Stains on Roofs in Dallas: Fungi and Slime Mold

Here in Dallas it is hot, humid, polluted, and pollinated. Unbearable at times but everyone in the world is determined to move here and I never left my Zip Code. Actually I did. I'm an easterner, from Mesquite. We move to Dallas in 1968 and I found myself in Irving going to the University of Dallas. I went to Roma, Italia, for one semester but outside that I've lived here since it was a prairie. I remember when Lewisville was a long way away.

This climate is really tough on roofs and roof color steadfastness. Ever noticed those dark streaks on the north side of composition or fiberglass roofs? That is airborne fungus and if it gets too bad it will eat your roof. Remember that composition roofs are primarily organic material, cracked from oil. Those long chain carbon molecules make for good fodder for everything from fungus to creepy slim molds. Have you ever seen the stuff? Nasty. Besides these monsters are decomposers. That sounds bad when it comes to your $10,000.00 roof.
Beneath the lead and metal pipes, chimney, and dormer louvers the staining is not present and the roof looks a lot newer. That's because their antimicrobial nature kills the rascals. That's why we take zinc lozenges: to kill the airborne fungi and other enemies of the corpus that lodge themselves in the soft pink tissues of your throat. Sometimes we Dallas roof folk eat roof flashings when we're felling puny. Perks you right up and gets rid of stains too.
Now days the manufacturers of roofing products put zinc and copper right into some of their products as a stain guard. Works too. Back about 1990 my GAF rep Mike Ratcliffe told me you could string a piano wire on either side of the ridge and the roof wouldn't stain.
When roofs leak the water sometimes travels under the shingles for a ways and causes the roofing and felt to become one, glued together by slime, a colony of amoebae like critters. Later, when there is a slow leak that doesn't show up in the home, there is a lot of structural damage.
"Why it never leaked before so how did I know it was destroying my structure?" By looking up at the sags in the plywood that the roofing and felt are nailed to might have given you a clue that your insurance company was going to cancel your policy right before your house burned down.
Older roofs that have been defaced by the critters that took down the aliens in "War of the Worlds" can be made sparkling again with a topical application of bleach and water.
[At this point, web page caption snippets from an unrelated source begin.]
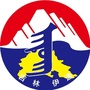 伊通发布ico
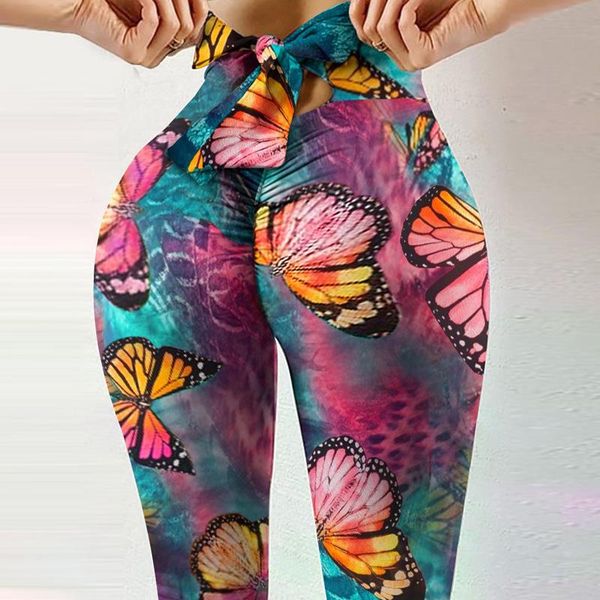 women's leggings salspor women fitness seamless leggins push up femme breathability gym clothing, Black
women's leggings salspor women fitness seamless leggins push up femme breathability gym clothing, Black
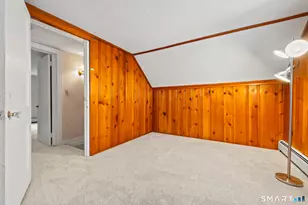 164 St John St, Manchester, CT 06040 - Photo 25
The beach does not necessarily bleach the roof clean but kills the pesky pests. Wash it down twice and wait a day or two and the roof looks marvelous darling.
Proper venting also cuts down on the molds growing in your attic cause your home to get old timer's smell. Heat humidity, and organic material in attics that don't have bottom to top vent cycling systems will allow muck to grow and sicken your kids and make your doctor and electric provider richer than they already are.
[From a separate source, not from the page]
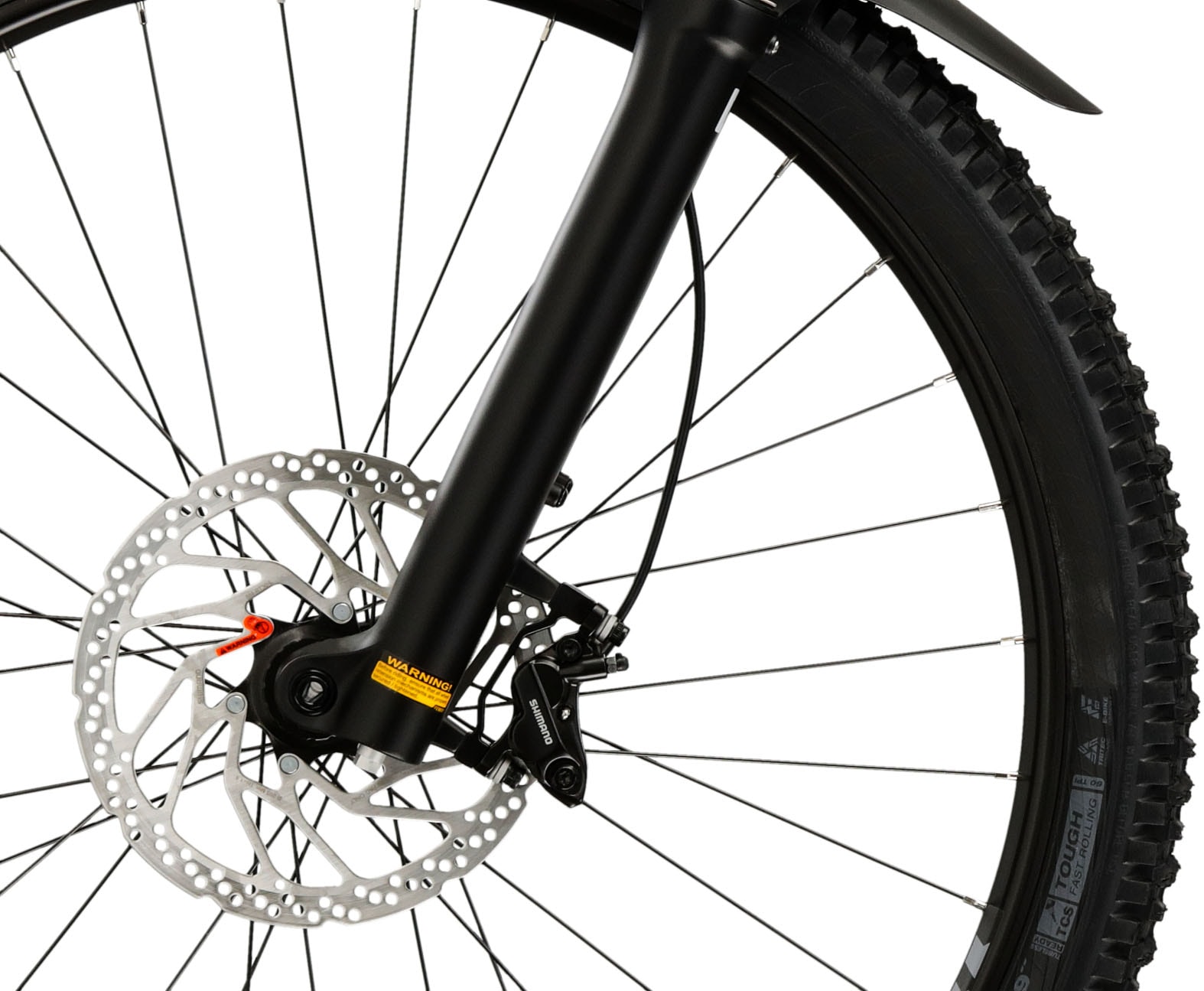 Kross E-Bike »KROSS E-MTB Grist Boost 2.0 630 29" türkis 12 Gänge«, 12 Gang, Shimano, DEORE M6100, Mittelmotor 250 W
If you buy that turbine plug from Home Depot, the one you shouldn't ever use, and plug them to retain heat in the winter you need to be shot. Once the heat has escaped the confines of your insulation just give it up. Go on down the road. I said forget about it. This added chore just makes everything rot. If you did it in Houston the deck would be ravaged in two or three years.
If you can't wait the two days for the murdered fungi to drift away after the bleach has been applied then you can go to Harbor Freight Tools and buy a cheap water pressure cleaner and blast them off. Be careful because roofing is not designed to withstand 2000 PSI of water pressure. I meant it when I said buy a cheap machine. The big ones will blow a hole through your brick before you can say "oh sheeeeeeeeeeeet." Got down inside the ditch! Keith Lyles of Classic Superoofer taught me that when he managed my Fort Worth location from 1994 through 1998.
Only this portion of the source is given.